Si Hillary Clinton devient la première présidente des États-Unis, elle le devra moins au vote captif des femmes, qu’à leur rejet de son concurrent.

Édito - Editorialiste en chef Temps de lecture: 2 min

Si Hillary Clinton devient la première présidente des États-Unis, elle le devra moins au vote captif des femmes, qu’à leur rejet de son concurrent.

Donald Trump croyait tellement que son « authenticité » lui bétonnait la voie royale vers la popularité, qu’il en a oublié que les femmes ne sont pas que des « chattes » (sic) à agripper, mais aussi des citoyennes qui votent. Et voilà un candidat à la présidentielle qui risque de se rendre compte que, même quand on est une star, « elles » ne vous laissent pas toujours faire, et que non cher Donald, on ne peut pas faire avec elles tout ce qu’on veut.

Trump avait pourtant une carte à jouer sur ce terrain. Pas sur base de ses propres atouts : son passé de mâle à la libido primaire risquait de lui nuire. Mais sa rivale n’avait pas non plus de quoi se garantir l’électorat féminin. Hillary Clinton n’incarne ainsi pas aujourd’hui, auprès de la gent féminine, l’équivalent symbolique d’Obama à l’époque, auprès des minorités.

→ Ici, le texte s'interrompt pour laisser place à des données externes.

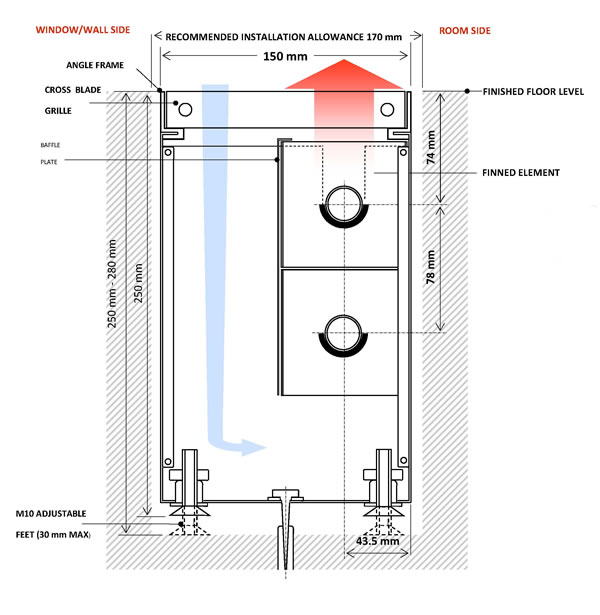 Type T13 - LPHW Warm Air Heaters - In-Floor Heaters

Membre clé de l’establishment politique et d’un système Clinton rompu aux jeux de pouvoir et d’argent, Hillary n’est ainsi pas devenue en cours de campagne, une égérie féministe portée vers la Maison-Blanche comme un trophée de portée mondiale de l’émancipation des sexes.

Mais comment des propos vieux de dix ans entre « hommes qui savent pourquoi » suscitent-ils tant de désapprobation ? Personne ne pouvait en effet douter que Trump, l’homme qui évoque les « grosses nulles » face caméra, soit un habitué de propos de macho lambda. Mais voilà, l’impunité n’existe visiblement pas dans ces matières.

Confrontées à un certain degré de cynisme, les femmes, – comme les « choses mexicaines », autre cible trumpienne –, sortent à un moment de la soumission à laquelle certains les destinent, et disent stop. Cette rébellion est revendiquée aujourd’hui notamment par les stars républicaines Carly Fiorina et Condoleezza Rice, au nom du respect qu’on doit à des êtres qui ne sont pas que des sexes à « baiser » (sic), mais des cerveaux à convaincre.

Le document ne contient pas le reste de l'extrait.